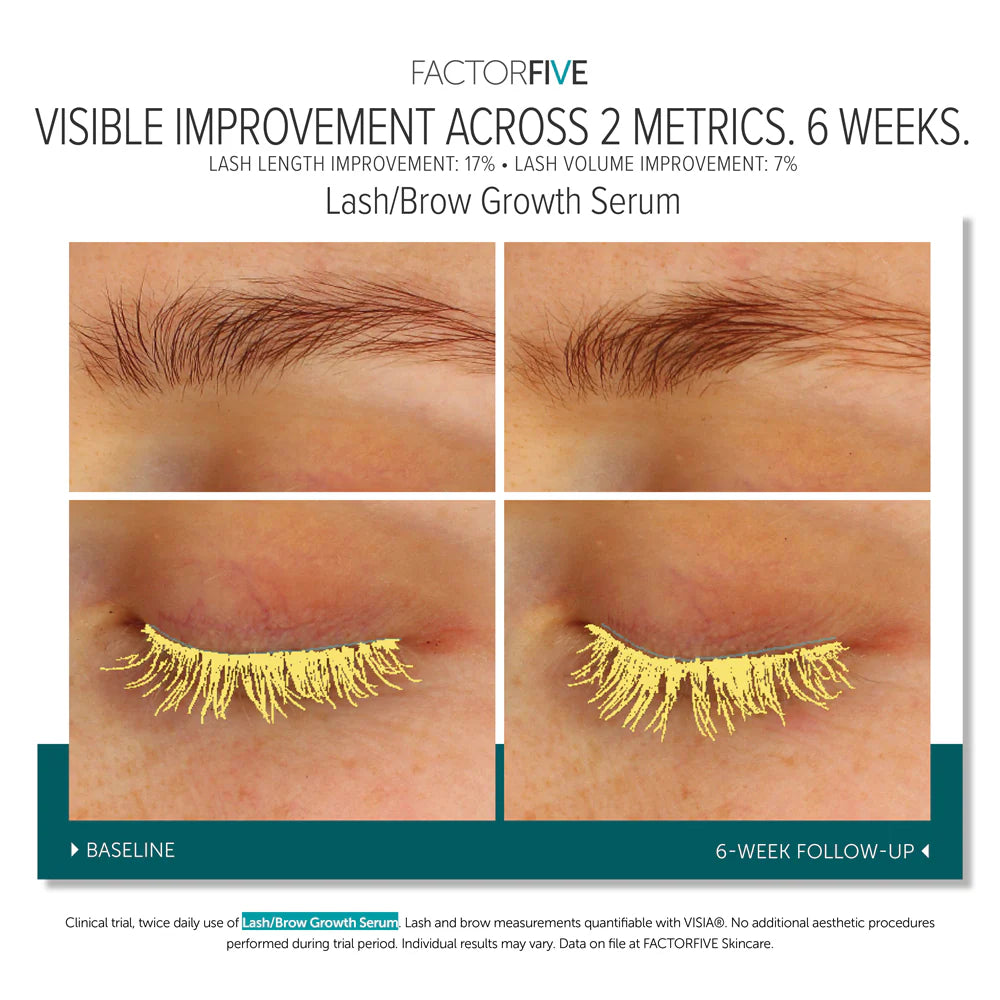 FactorFive Lash/Brow Growth Serum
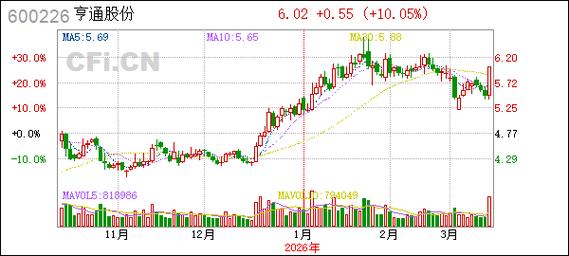 增值超5倍！亨通股份高溢价收购引发争议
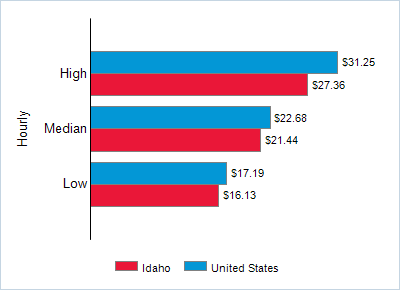 This chart displays wage data.  Find details by selecting the table view.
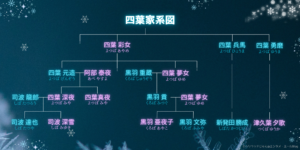 魔法科高校の劣等生 四葉家 家系図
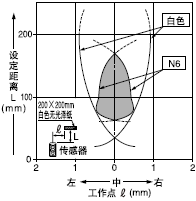 �z�y�I(l��ng)������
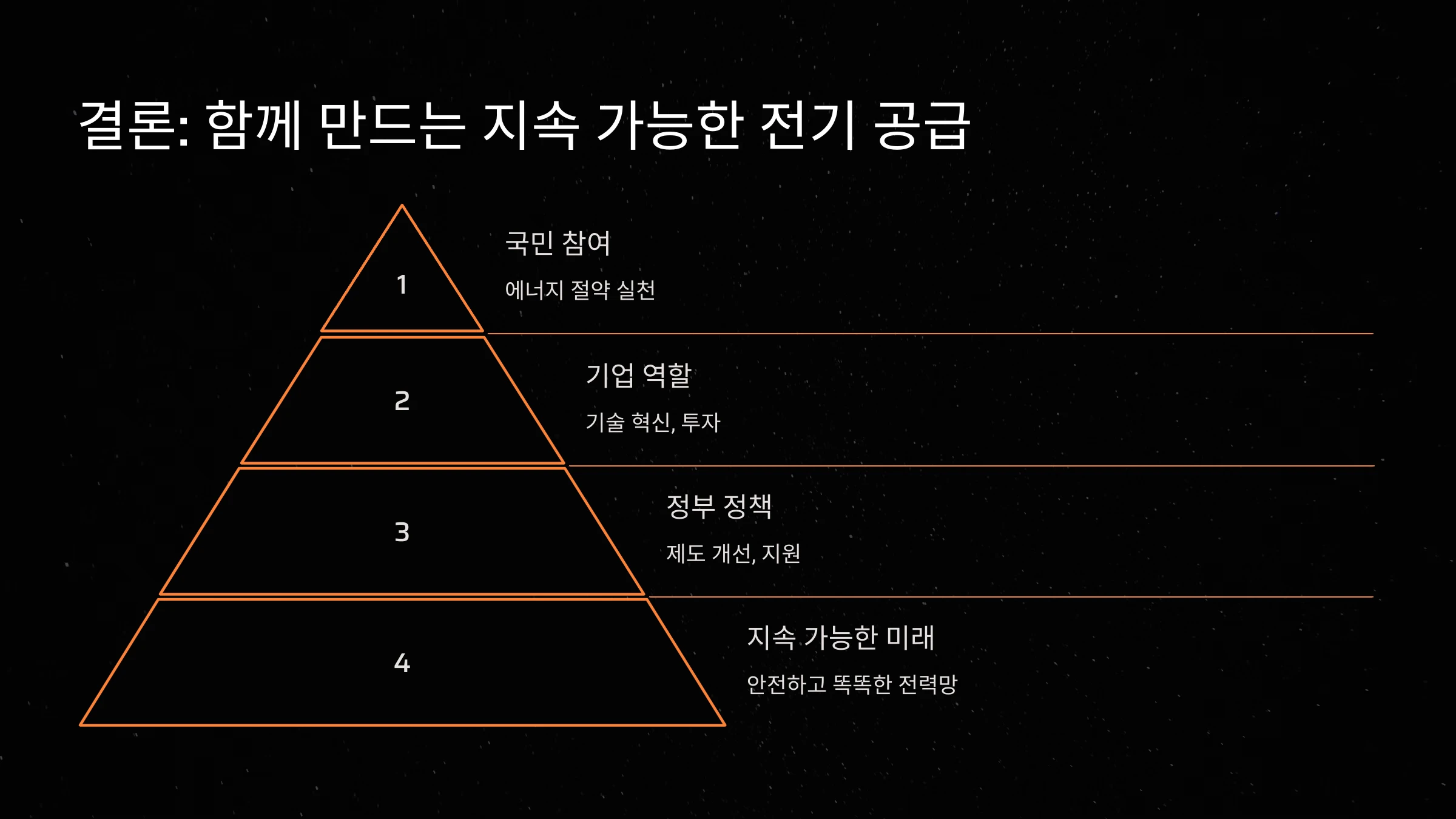 전기-공급-문제-해결-방법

◇ ◇ ◇ ◇ ◇

**What is required:** Once the pictures are removed, output the remaining material exactly.

**Task output:**
 FactorFive Lash/Brow Growth Serum
 增值超5倍！亨通股份高溢价收购引发争议
 This chart displays wage data.  Find details by selecting the table view.
 魔法科高校の劣等生 四葉家 家系図
 �z�y�I(l��ng)������
 전기-공급-문제-해결-방법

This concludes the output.